Les deux monumens où se reflète avec le plus d’éclat et de vérité l’image de la chevalerie espagnole, sont, sans contredit, le Poème du Cid et le Romancero general. Ces deux ouvrages sont les archives les plus complètes de l’histoire et de la poésie du moyen-âge espagnol, et ils méritent, à ce double titre, d’être étudiés soigneusement et pour eux-mêmes.
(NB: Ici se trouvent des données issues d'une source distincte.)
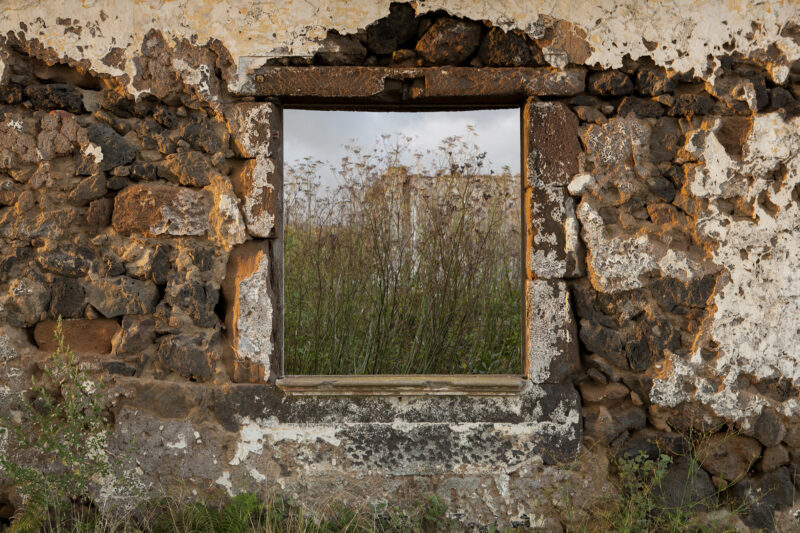obra_ruinas_ilha_terceira_2012_de_orlando_azevedo-e1652118481910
Le Poème du Cid (comme on le nomme fort improprement) ouvre la collection des poésies castillanes antérieures au XVe siècle, publiée en 1779 par don Thomas Antonio Sanchez[1]. C’est un récit acéphale de 3,744 vers, composé de deux et peut-être même de trois parties. La première raconte la disgrace et l’exil du vieux Cid, ses victoires sur les Mores et sur un prince chrétien, Raymond, comte de Barcelone. La seconde, qui semble annoncée par ce vers,

Aquis’ conpieza la fiesta de mio Cid et de Bibar,
Ici commence la geste de mon Cid, Ruy de Bivar,
(V. 1093.)


chante la glorieuse conquête de Valence et le mariage des deux filles du Cid avec les comtes de Carrion. Elle finit ainsi :

Las coplas deste cantar aquis’ van acabando.
El Criador vos valla con todos los sos Sanctos.
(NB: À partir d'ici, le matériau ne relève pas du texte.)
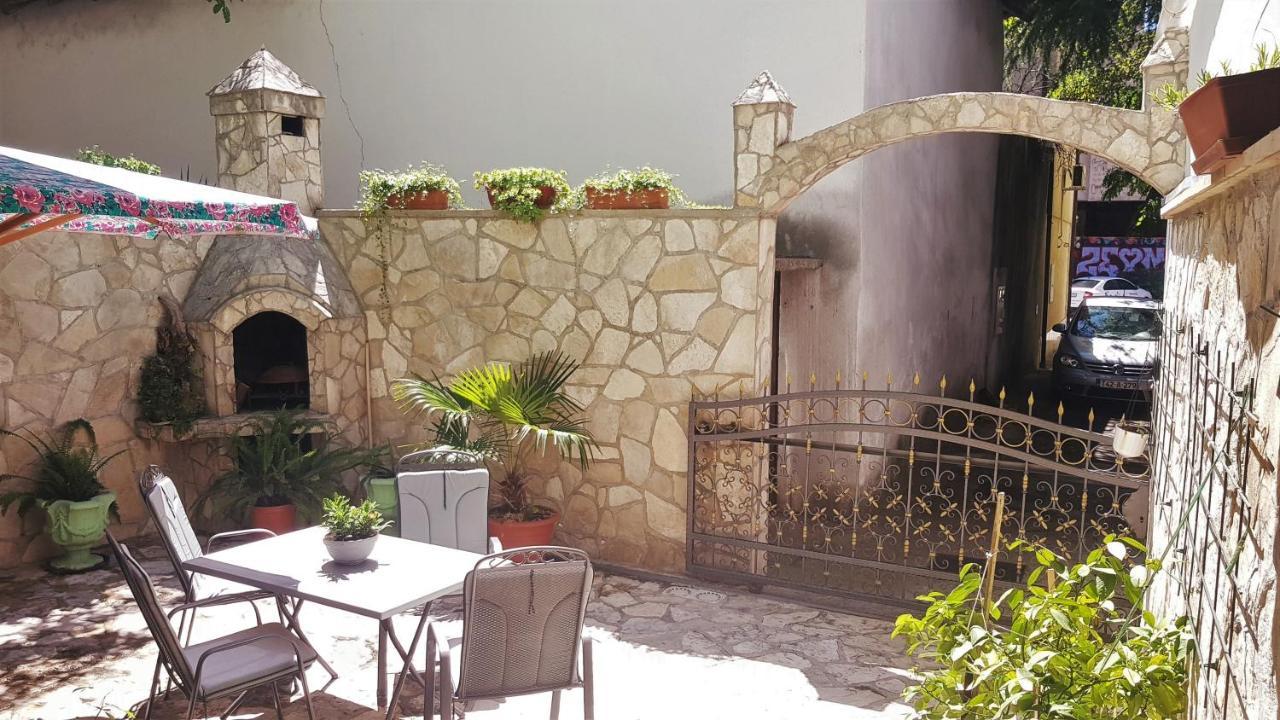 מוסטר Moonrise Apartment מראה חיצוני תמונה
Ici se terminent les couplets de cette chanson.
Que le Créateur vous soit en aide avec tous ses saints !
(V. 2286 et 2287.)


Dans la dernière partie se déroulent, avec un intérêt presque tragique, le procès du Cid contre ses gendres et les secondes noces de ses filles avec les infans de Navarre et d’Aragon, suivies de la mort du héros. Le dernier vers nous apprend que le manuscrit, malheureusement unique, qui nous a conservé ces précieuses reliques, a été copié l’an 1335 de l’ère espagnole, c’est-à-dire l’an 1307 de l’ère vulgaire[2] ;

  1. Coleccion de poesias Castellanas anteriores al siglo XT, ilustrada con notas. Madrid, 1779. 4 vol. in-8o.
  2. On lit dans le manuscrit : En era de mill e CC…XLV, mais tout indique que la lettre effacée devait être un C. Le fac-simile du manuscrit publié par MM. Cortina et Hugalde, dans leur traduction espagnole de l’ouvrage de Boutterwek, est loin d’indiquer, comme ils le pensent, une écriture du XIIe siècle.